Belletristik, Jugendbuch

von Johanna Gerber
Cover von Mehrdad Zaeri
240 S. | 14.8 x 21 cm
Klappenbroschur, Fadenheftung
kwasi verlag 2015 || 22 fr. | 19 €
ab 14 Jahren und für Erwachsene
ISBN 978-3-906183-15-2

Autorin

Johanna Gerber ist 1946 geboren. Sie ist Schriftstellerin, Lyrikerin und Künslterin und lebt in der Nähe von Basel.

Rezensionen
Neurodiversität

Die Schwestern Löwenherz

Beschreibung

Die noch nicht 15-jährige Süne muss zurück in die Türkei und dort den 50-jährigen Freund ihres Vaters heiraten. Es bleibt ihr nur die Flucht zu ihrer besten Freundin Kahlo, aber natürlich suchen Sünes Familie und die Polizei Süne genau dort.
Kahlo verpasst Süne kurzerhand eine neue Identität und den neuen Namen Zoë Löwe.

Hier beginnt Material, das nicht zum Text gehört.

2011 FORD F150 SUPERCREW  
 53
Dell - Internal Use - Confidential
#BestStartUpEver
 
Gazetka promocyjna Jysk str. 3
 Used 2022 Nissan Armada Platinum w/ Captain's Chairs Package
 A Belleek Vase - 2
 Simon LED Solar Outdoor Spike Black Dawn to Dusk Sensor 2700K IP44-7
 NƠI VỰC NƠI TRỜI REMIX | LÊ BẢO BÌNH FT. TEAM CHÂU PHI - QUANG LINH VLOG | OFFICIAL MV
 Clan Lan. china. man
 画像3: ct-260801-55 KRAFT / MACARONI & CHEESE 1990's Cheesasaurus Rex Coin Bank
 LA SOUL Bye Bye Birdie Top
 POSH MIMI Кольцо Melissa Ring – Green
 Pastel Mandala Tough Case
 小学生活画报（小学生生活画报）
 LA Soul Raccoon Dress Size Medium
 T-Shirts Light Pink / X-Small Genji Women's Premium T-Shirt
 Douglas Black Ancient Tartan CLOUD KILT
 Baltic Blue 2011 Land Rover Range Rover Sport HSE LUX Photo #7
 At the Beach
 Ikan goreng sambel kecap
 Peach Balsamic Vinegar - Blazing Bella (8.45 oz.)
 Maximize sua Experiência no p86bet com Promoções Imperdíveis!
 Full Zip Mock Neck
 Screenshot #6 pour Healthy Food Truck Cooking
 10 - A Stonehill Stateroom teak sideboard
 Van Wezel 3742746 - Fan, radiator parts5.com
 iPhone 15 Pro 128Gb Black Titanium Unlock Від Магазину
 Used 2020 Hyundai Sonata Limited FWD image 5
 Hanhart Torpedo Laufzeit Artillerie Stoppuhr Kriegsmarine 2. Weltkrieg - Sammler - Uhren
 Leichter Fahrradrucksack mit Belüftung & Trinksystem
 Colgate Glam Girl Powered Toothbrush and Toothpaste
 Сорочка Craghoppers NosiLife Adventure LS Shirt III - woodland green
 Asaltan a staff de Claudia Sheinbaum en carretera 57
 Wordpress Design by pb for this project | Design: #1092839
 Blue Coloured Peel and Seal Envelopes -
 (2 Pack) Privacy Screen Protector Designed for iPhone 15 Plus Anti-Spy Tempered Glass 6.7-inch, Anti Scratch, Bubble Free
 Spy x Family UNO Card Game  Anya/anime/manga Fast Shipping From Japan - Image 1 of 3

Aber wie lange können die beiden das Versteckspiel durchziehen angesichts der lückenlosen Beschattung durch Ürtaks Netzwerk? Der Polizei können sich die beiden Mädchen auch nicht anvertrauen, denn das Asylgesuch von Sünes Familie wurde abgelehnt – sie würde Süne ebenfalls in die Türkei abschieben.
Die Freundschaft zwischen islamischer Tradition und europäischer Selbstbestimmung wird überstrapaziert, der freundliche Bolle, Mitschüler der Mädchen, kann auch nicht viel ausrichten.
Ein Roman zur Asyldebatte, zu Integrationsbemühungen, zu Radikalität von und gegen Immigranten. Ein Roman, der betroffenen Mädchen Mut machen kann.

Leseprobe

Endlich spreche ich. Aber natürlich ist das kein Trost. Das hilft nicht. Ürtak fragt Dieter nicht um Erlaubnis. Sind sie erst in der Türkei, schützen unsere Gesetze Süne nicht mehr. Meine Süne.
Sie schluckt leer und bleibt stumm. Zittert wieder heftiger. Soviel Qual habe ich noch nie gesehen. Ihre Hände sind eiskalt. Kopftuch und Kleid durchnässt. Ich halte ihre Hände, reibe sie sanft aneinander, um sie zu wärmen.
„Was machst du nun?“
Keine Reaktion auf meine unbeholfene Frage. Sie starrt vor sich hin. Das Zittern hat nun doch aufgehört. Immerhin. Süne fixiert einen Punkt. Ohne Bewegung, wie ausgelöscht. Ich streiche wieder über das Kopftuch und wünsche mir, es wäre ihr Haar. Das dichte, schwarze Haar, in das ich so gerne meine Nase stecke.
Ein Windstoß fährt durch die Büsche, ein Tropfenschauer bedeckt uns.
„Bist du deswegen aus der Schule gegangen?“
Ich könnte mich ohrfeigen für meine dummen Fragen. Aber mehr lässt mein blockiertes Hirn nicht zu. Süne zieht ihr nasses Kopftuch vors Gesicht. Ein Schütteln erfasst ihren Körper. Erschüttert sitze ich neben ihr. Was für ein Albtraum!